Entre analistas y expertos hay cuatro líneas de análisis o de interpretación. La primera, y más optimista, cree que el gobierno Duque está ganado tiempo, acumulando capital político para poder avanzar en el Acuerdo de Paz. Para este grupo de analistas está claro que el proceso de paz debe ir hacia adelante, saben que el país que prometieron en campaña es un país de locos, pero deben saber dar la justificación del cambio de discurso, pues los sectores radicalizados del uribismo son fuertes. Así las cosas, pasando los primeros seis meses de gobierno, se podrá avanzar en la implementación.

La segunda interpretación es más técnica. Durante el proceso de empalme quedó claro que los equipos designados por el presidente Duque no tenían ni idea de implementación del Acuerdo, no sabían ni siquiera cuáles programas existían. Todo parece indicar que el Centro Democrático creía que el postconflicto era solo discurso o espuma. Pero a medida que se han adentrado en el gobierno, todos ellos se han encontrado con una gran complejidad, con programas andando y con muchas relaciones entre el Estado y las comunidades, por ende echar para atrás es complicado. Hay anécdotas graciosas, la cara de Miguel Ceballos cuando visitó el primer Espacio Territorial de Capacitación. O lo que Archila ha intentado hacer con los fondos internacionales en la Alta Consejería para el Postconflicto.

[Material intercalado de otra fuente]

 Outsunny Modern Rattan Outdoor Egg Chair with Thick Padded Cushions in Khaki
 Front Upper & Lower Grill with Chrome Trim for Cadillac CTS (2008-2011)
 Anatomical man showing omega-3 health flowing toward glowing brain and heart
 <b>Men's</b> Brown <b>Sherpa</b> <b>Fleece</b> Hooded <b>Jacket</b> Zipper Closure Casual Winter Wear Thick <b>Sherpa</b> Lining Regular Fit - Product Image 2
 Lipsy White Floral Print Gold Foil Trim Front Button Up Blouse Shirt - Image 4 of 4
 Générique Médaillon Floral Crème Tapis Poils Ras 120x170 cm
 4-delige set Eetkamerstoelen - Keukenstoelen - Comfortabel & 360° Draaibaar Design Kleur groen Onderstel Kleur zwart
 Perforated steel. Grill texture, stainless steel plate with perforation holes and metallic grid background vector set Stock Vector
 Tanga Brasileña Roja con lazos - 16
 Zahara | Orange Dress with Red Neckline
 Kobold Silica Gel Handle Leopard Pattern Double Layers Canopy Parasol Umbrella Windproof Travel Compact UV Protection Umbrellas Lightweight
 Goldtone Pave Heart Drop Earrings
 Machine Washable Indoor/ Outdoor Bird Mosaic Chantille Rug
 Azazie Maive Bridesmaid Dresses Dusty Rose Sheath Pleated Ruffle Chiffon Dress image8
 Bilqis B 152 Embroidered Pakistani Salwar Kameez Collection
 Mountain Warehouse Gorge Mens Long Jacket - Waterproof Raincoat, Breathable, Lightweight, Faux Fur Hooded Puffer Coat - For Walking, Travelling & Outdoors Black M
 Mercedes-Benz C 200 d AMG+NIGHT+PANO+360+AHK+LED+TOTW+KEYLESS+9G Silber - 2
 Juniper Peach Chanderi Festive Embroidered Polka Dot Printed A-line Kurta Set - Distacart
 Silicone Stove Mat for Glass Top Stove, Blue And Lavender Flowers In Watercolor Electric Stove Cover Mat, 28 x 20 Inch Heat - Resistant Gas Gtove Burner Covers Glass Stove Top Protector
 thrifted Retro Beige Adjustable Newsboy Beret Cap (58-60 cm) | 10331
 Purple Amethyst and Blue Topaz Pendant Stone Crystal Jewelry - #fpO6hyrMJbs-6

Una tercera línea cree que la situación en el gobierno y el peso de los diferentes sectores políticos aún no está definido. Dentro del gobierno hay sectores radicalizados frente al proceso de paz, otros sectores más conectados con la imagen internacional de Colombia creen que ese no es el problema y algunos quieren avanzar en la implementación pero no reciben líneas claras del presidente Duque. Habrá que esperar a que el balance esté definido.

Una cuarta línea, un poco más conspirativa, que es en la que creo, ve que la diferencia entre la práctica y el discurso hace parte de una estrategia para ir dejando morir el acuerdo de paz. El gobierno Duque no puede, o mejor sabe, que es inconveniente destruir el proceso de paz públicamente. Por ello en las reuniones dicen que van a avanzar. Pero en la vida real no hacen nada, no dan presupuestos, no renuevan contratos de funcionarios, no hacen la mínima acción para determinar qué fue lo que se hizo en el anterior gobierno.

Hay un sector en el uribismo que cree que les irá mejor en política si crean, al menos, un muñeco o un espejismo de que las FARC revivieron, y con el discurso del miedo y la seguridad mantendrá el poder y entretenida a su base social. No saben el daño que le hacen al país, pero todo lo piensan en pro de eternizarse en el poder.